2025.11

My recent preoccupation lingers on the ambivalent feelings that arise while recording. Recording always entails the time it takes to renew it. For instance, a photograph recording an event, text recording the photograph, paper printed with the text, scribbles placed upon the paper—things like these. Between them lie not only measurable time, but also falsehoods, misunderstandings, emotions, and impossible events. They prove what is true while simultaneously proclaiming that truth is something that cannot actually be realized.

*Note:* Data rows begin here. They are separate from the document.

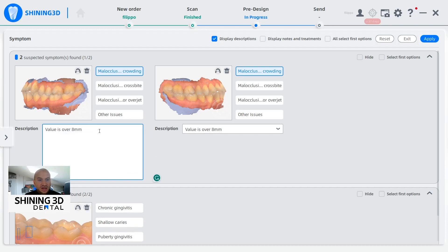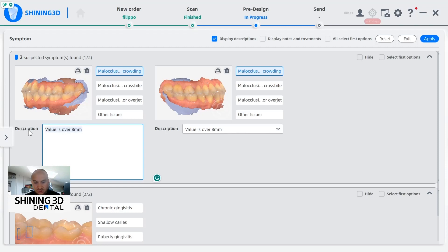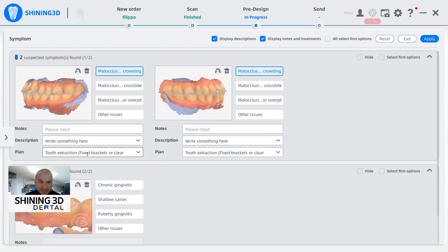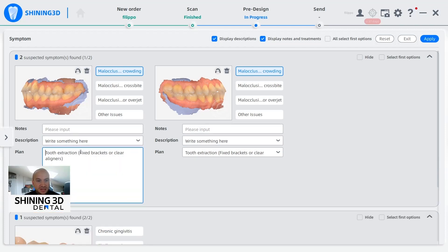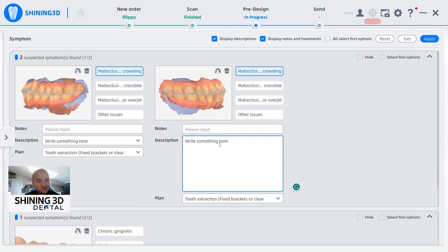We can also write some notes. Automatically, the artificial intelligence has already done a great job — for example, in this case the description value is over eight millimeters. But if the doctor wants to write something, it's possible to add any kind of note. We can also add more details such as the description or the plan, making it possible to write a super detailed report that at the end of the medical visit the doctor can share with the patient.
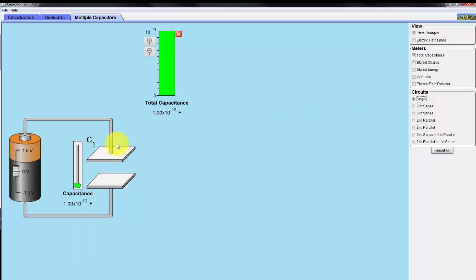Here we have a single capacitor with a total capacitance of 1 times 10 to the minus 13 farads.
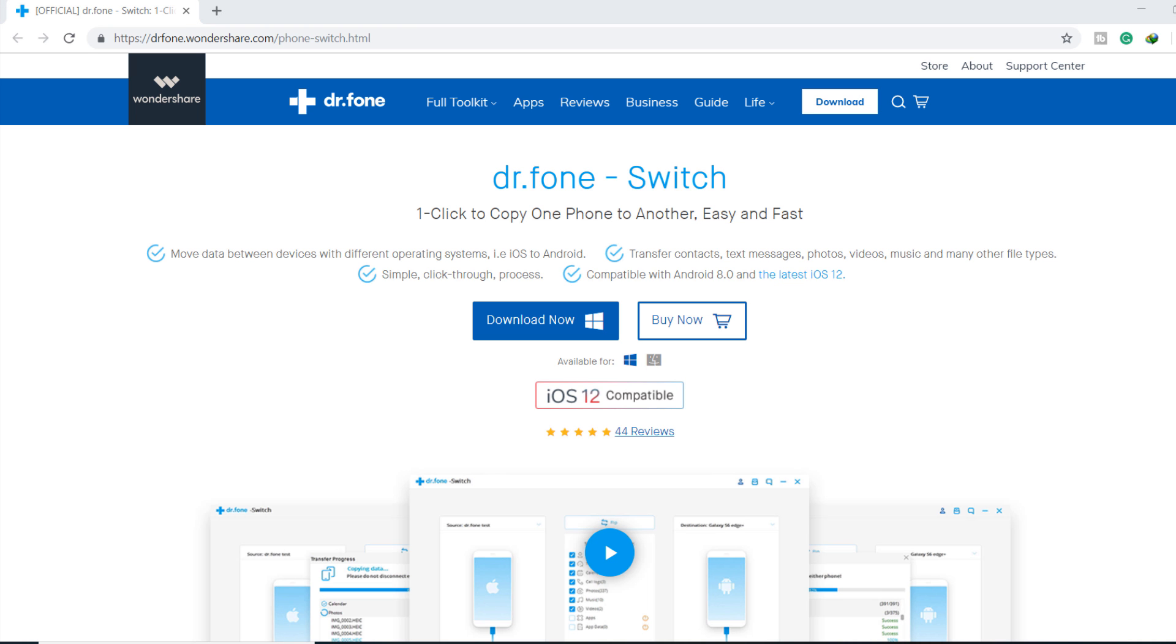First of all, download Dr.Fone Switch software in your computer. I have given the download link in the video description.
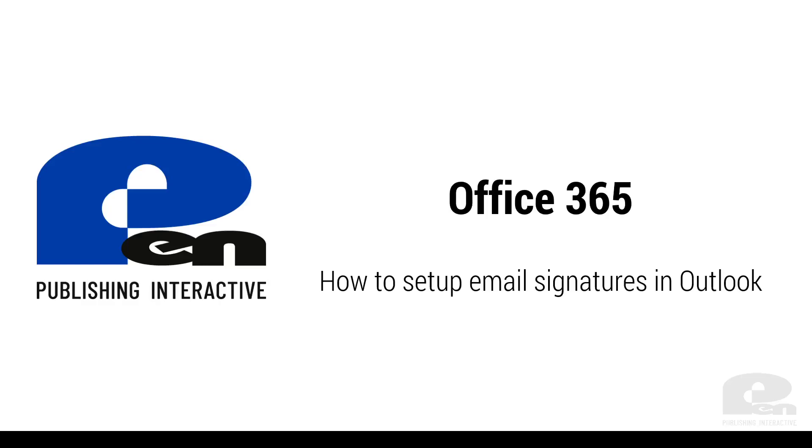Hi and welcome to another Penn Publishing Interactive video. In this video we'll be covering how to set up email signatures in the Outlook web app, Outlook desktop app, and the Outlook desktop app preview. So let's get started.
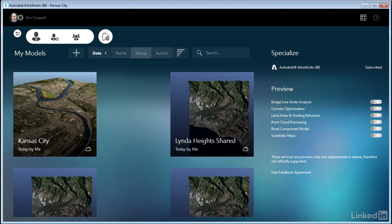They say there's no place like home, and InfraWorks 360 Home is where you'll start each InfraWorks 360 session. Let's take a look at one of the most important parts of InfraWorks 360 Home, the tiles that represent your models.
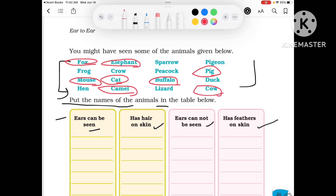Sparrow, Frog, Crow, Peacock, Lizard, Hen, Pigeon, Duck — these are shown. Now in all of these, those with hair are in one category, and those whose ears cannot be seen are in another. Some of them have feathers on their skin.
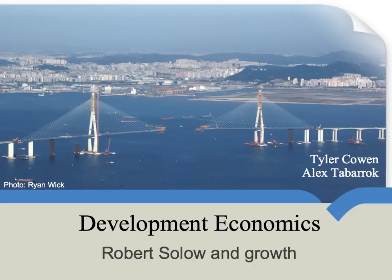Let's talk about economist Robert Solow and his contributions to the theory of economic growth. You may have seen that Alex has several excellent videos on the Solow model, but those use a fair amount of mathematics. So if you're not comfortable with that math, here's a simpler and shorter version. It's not as thorough as Alex's treatment, but you can think of it as a very basic introduction or overview of Solow.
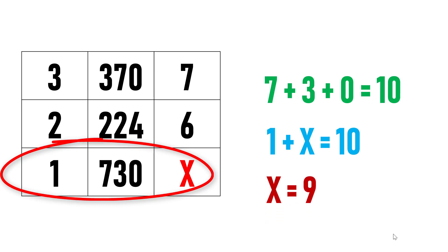Hence, the value of X is 9. This is the solution for this problem. Even though it's simple, what it demands is to think out of the box and to find the answer within less time.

I believe that in any way, the past cannot be preserved. What we preserve is the present, which is constantly being renewed. Records and events are always in an incomplete relationship, and between them, subjective interpretation and the mind run rampant. Since private feelings are often volatile or mutable, the complete preservation of an event is impossible. Thus, looking at a photograph and longing for or reminiscing about the moment captured is a rather subtle and peculiar act. Even if that photograph is crumpled or torn. I too feel the desire to preserve certain records or photographs forever, and to exhibit them. Even if ‘it’ belongs to someone else.

'It' becomes an existence that feels like an empty shell yet carries a weighty emotion. ‘Its’ time seeks to hold the past, yet creates the present and moves toward the future. That future is again a time for recalling the past. Instead, the past recalled from the future might be less a time as an event and more a state holding the ‘possibility of a story’.